Stella is almost absent, disembodied. What we have is a poem about the depth of the sonneteer’s desire. Sidney/Astrophil’s love is disastrously Platonian. His verses will bring him immortality in the fact that I am discussing them here, but he will go straight through Stella, blowing out her spine and scattering her ashes to do so. And Astrophil, should love really be “the blackest face of woe?” If Astrophil and Stella were written for me, I would say, “You seem sad; consider writing about me next time.” There would be no second date.
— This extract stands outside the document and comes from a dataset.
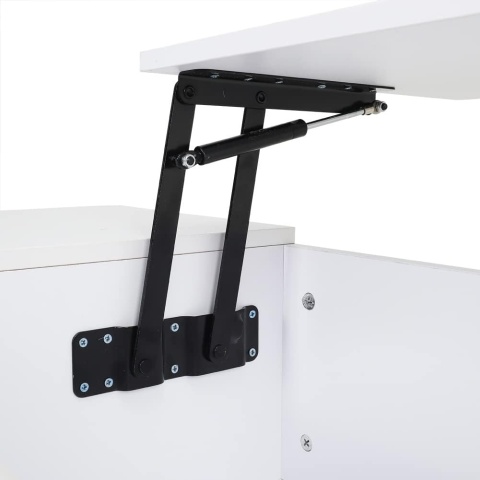 Stolik kawowy INMOZATA Lift Up Top biały 110 cm z podnoszonym blatem i schowkiem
Before he was a priest, John Donne wrote horny lyric poetry and he was the best at it. In The Canonization, he purports to give us a pattern of love that we might emulate. For the last time, you can just look this one up on Poetry Foundation. And you should. The love Donne’s couple share is joyously paradoxical. It is a sacred profanity that gives them the world in each other as they lose it forever. They die and rise, joined together forever in their urn and yet alive. We can have eternity and have each other all at once. Donne seems to have squared Plato’s circle, but not so fast. Must the world really contract and dive into one person’s eye for me to love? Is this what we should want? The world is so big, John Donne, I don’t think it will fit. I can’t be held in one touch or one gaze forever. My hands will get sweaty, my vision will waver.
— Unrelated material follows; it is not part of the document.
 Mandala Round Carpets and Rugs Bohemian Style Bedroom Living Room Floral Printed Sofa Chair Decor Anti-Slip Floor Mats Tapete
I feel loved when I read Kai Cheng Thom, especially when I read her most recent book of essays, I Hope We Choose Love. The collection’s focus is on the queer community, the internal problems it faces, and how they might be addressed. Really, Kai Cheng spends little time describing love. She touches on it in the essay which shares the book’s title. She mentions an “ethics of love”. Her writing is clear, practical, and actionable, but at its root, informed by love. Love is part of no syllogism, no argument but always provides the direction of thought and of action. This, I think, is what she means by choosing love, again and again. And this is not a love like Paul’s. It is a love you will have to apologize to. It is a love which will hold you to account. I am reminded by her that it is one thing to love and quite another to live in a community which is actually informed by it.

Hisham Matar should really talk to his wife. He treats her like a sphinx in his memoir, A Month in Siena. Her subjectivity is an unbreachable mystery that Hisham can only get close to but never understand. He, like Plato, thinks that love is lacking; that he will never know his wife truly is the engine of his love for her. He will always desire and never have. To be in love forever, how nice. But, Hisham, would it kill you to just ask your wife a question? Like, dude, come on. She’s right there. Couldn’t the two of you just be honest? Wouldn’t that at least help? I think Hisham would say, in a frustratingly elegant way, that to do so would be to explode his love. But a love like that I am fine doing away with.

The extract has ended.